概要
長髪で編笠を被り、謎の仮面を着けた男性・もがりが様々な時代を渡り歩き、人間の心の闇や欲望、それに起因する悪行、そうして悪行を働いた者たちへの凄惨な制裁を描く。
作者があの妖怪漫画家の大御所の弟子であるため、作風がよく似ている。
もがりとは?
編笠と謎の素焼きの仮面を着けた長髪の青年。様々な時代を練り歩いて、その時代の人間の生活や心を観察している。
声は「地獄の底から響くような声」と評されているが、普通に会話しているシーンもあり、おそらく使い分けているのであろう(ただし、会話のシーンがそれほど多くはなく、どちらかと言えば無口である)。
性格はなんとも評しがたく、仮面により表情や感情が読めなくなっている。ただし、戦国時代編では自らを下人として住まわせてくれていた母子が、嘗てその母子に命を救われた敵方の武将に殺害された際には慟哭したり、最終話でアメリカ軍基地の掃除係として働いている際に、最終話でガキ大将にボコボコに殴られ、もがりから貰ったアメコミを捨てられたことを涙ながらに詫びる主人公を慰め、ガキ大将に怒りの炎を燃やすなど、人としての感情はちゃんと持ち合わせている。また、長年時代を渡り歩いているからか、明(中国)からの茶器が積まれた積み荷の中に忍び込み、自分のスペースを確保するためにその中の一部を捨ててしまうなど、だいぶ豪胆な性格である。

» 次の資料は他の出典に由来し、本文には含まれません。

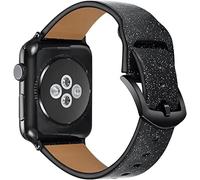Mira las correas Glitter Band Band Fit Compatible con Apple Watch 5 4 Bnnd 40 mm 44 mm 38 mm 42 mm Women Men Men Strap Strap Pulsera para iWatch 3 2 1 (para oro de 38 mm de oro de 40 mm)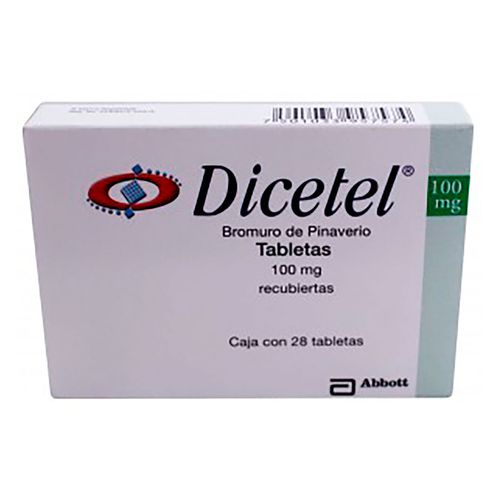Tabletas Recubiertas Dicetel 100mg Caja con 28 Tabletas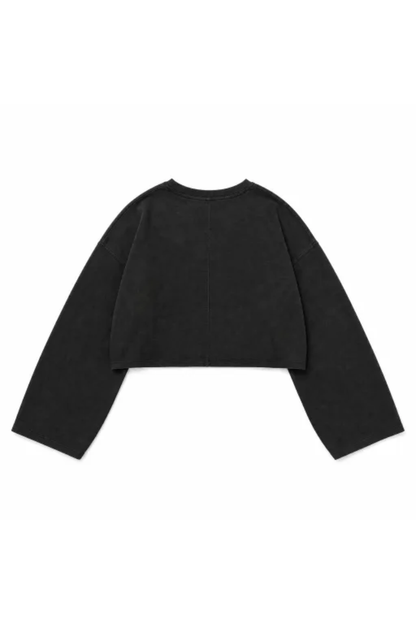 Women Spring Lightweight Cropped Drop Shoulder Workout Top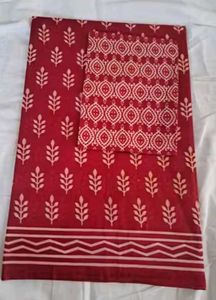 Fancy Pure Cotton Saree With Blouse Piece ❣️❣️❣️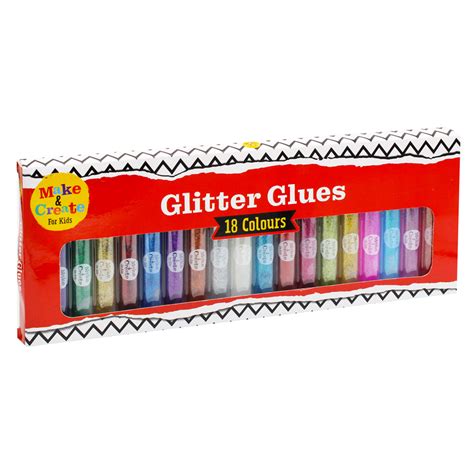 Glitter Glue Set 18 Pack Art And Craft Brand New 5052089225336 Ebay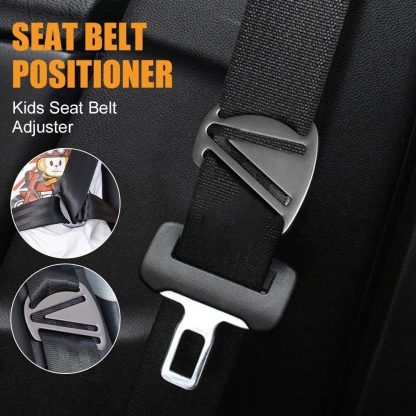 Kid's Comfort Seat Belt Positioner - Zinc Alloy Safety Belt Clip for Children - Image 4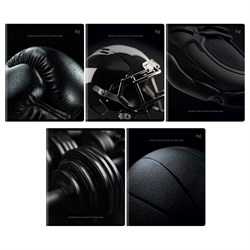 Тетрадь 80л. BG "Мужской спорт" клетка (Т5ск80_вл 57653) выб. лак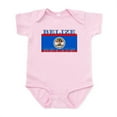 thumbnail image 1 of CafePress - Belize Belizean Flag Infant Bodysuit - Baby Light Bodysuit, Size Newborn - 24 Months, 1 of 4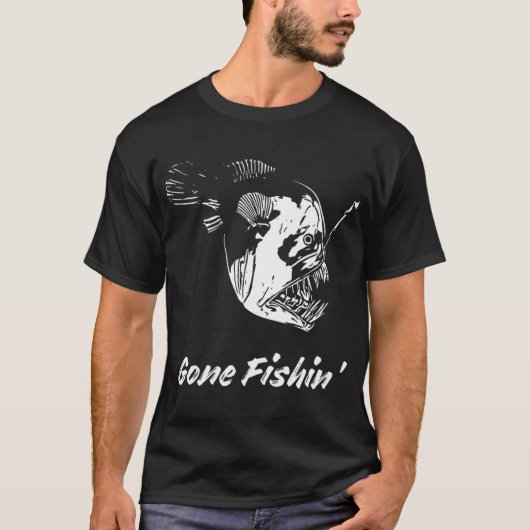 釣りに行こう！食べて楽しんで Tシャツ (正面)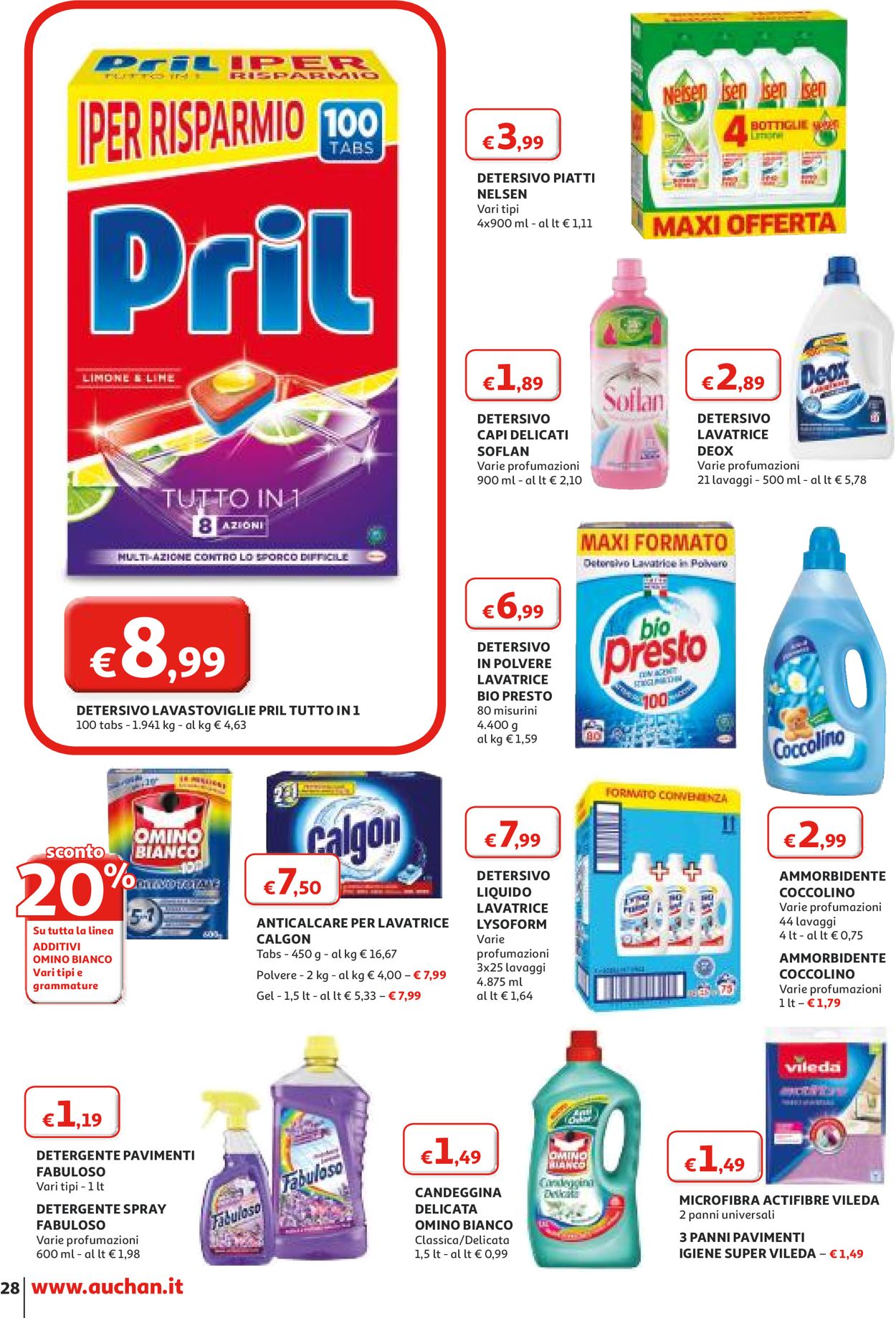 Volantino Auchan - Offerte 30/03-11/04/2020 (Pagina 28)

悪人に対しては情け容赦ない制裁を行って殺害しているが、子供相手にはだいぶ手加減し、せいぜい家の柱を折ったり、コレクションを破壊したりしているくらいである。
悪人リスト
詳細は一部個別記事を参照。
- 名柄佐平(ながら さへい)
- 撫方勘兵衛(うぶかた かんべえ)
第ニ話に登場。豊臣秀吉の家臣で、権力者に阿る性格である。秀吉の茶器のコレクションの中にあったシンプルなデザインの茶器の製作元を探すよう命ぜられ、その茶器の製作元である陶工の茂平との器問屋の筑前屋利兵衛に面会し、彼らに命じて秀吉のために自分の思うがままの茶器をつくらせる。その際に、茂平や利兵衛に高圧的な態度で何かにつけて様々な嫌がらせを行い、堪忍袋の緒が切れた茂平がこれに反抗すると「立派な陶工として世に出れなくてもいいのか?」と脅した。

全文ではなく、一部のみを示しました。